Job Templates
Section Contents
Job Templates#
Job templates allow you to run multiple job instances with different runtime parameter values from a single template definition. The SDK allows interaction with job templates including template creation, starting a job from a template, spawning multiple job instances from a template, and template deletion.
Creating a Job Template#
To create a new job template and add it to Control Hub, use the streamsets.sdk.sch_models.JobBuilder
class.
Use the streamsets.sdk.ControlHub.get_job_builder()
method to instantiate the builder object.
Simply pass job_template=True
to the streamsets.sdk.sch_models.JobBuilder.build()
method, and then pass the
resulting job object to the streamsets.sdk.ControlHub.add_job()
method:
job_builder = sch.get_job_builder()
job_template = job_builder.build('Job Template using SDK',
pipeline=simple_pipeline,
job_template=True,
runtime_parameters={'x': 'y', 'a': 'b'})
sch.add_job(job_template)
Starting Job Instances using Job Template#
Starting a job from a job template is very similar to starting any other job - with a few additional
requirements. Due to the nature of a job template, it expects that various values will be supplied for the
runtime_parameters
at start time, and likewise expects an instance_name_suffix
to be provided at start time.
The runtime_parameters
is optional and will default to the job template’s default set of parameters if none are
supplied at start time.
The instance_name_suffix
is appended to the end of the job template name to uniquely identify each job instance
started from the template. Additional details on the suffix can be found in the Control Hub documentation,
and in the API reference for the streamsets.sdk.ControlHub.start_job_template()
method.
To start a job instance from a template, use the streamsets.sdk.ControlHub.start_job_template()

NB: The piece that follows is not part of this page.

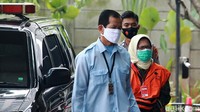 Dengan mengenakan masker dan rompi tahanan, Desi Arryani langsung bergegas memasuki gedung KPK.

method and pass in the runtime_parameters
and instance_name_suffix
values:
# Get the job template to start the job from
job_template = sch.jobs.get(job_name='Job Template using SDK')
# Generate some runtime parameters to be used in the job
runtime_parameters = [{'x': '1', 'a': 'b'}, {'x': '2', 'a': 'b'}]
# Pass in the runtime parameters, specify the suffix type as 'PARAM_VALUE' and the corresponding parameter_name
# as 'x', i.e. the value 'x' will be appended to the end of this job's name upon startup
jobs = sch.start_job_template(simple_job_template,
instance_name_suffix='PARAM_VALUE',
parameter_name='x',
runtime_parameters=runtime_parameters)
Spawning multiple Job instances using same parameters#
The SDK also allows you to spawn multiple job instances from the same template, all using the same runtime parameters.
Simply include a value for number_of_instances
in the streamsets.sdk.ControlHub.start_job_template()
method
to specify the number of Job instances to be spawned using the specified runtime parameters:
job_template = sch.jobs.get(job_name='Job Template using SDK')
jobs = sch.start_job_template(simple_job_template, number_of_instances=3)
In this case, since runtime_parameters
is not specified, the default set of parameters specified when creating the
Job Template are used.
Deleting a Job Template#
Deleting a job template is identical to the steps required to delete a job from Control Hub. Simply retrieve the
streamsets.sdk.sch_models.Job
instance you wish to delete, and pass it to the streamsets.sdk.ControlHub.delete_job()
method:
sch.delete_job(job_template)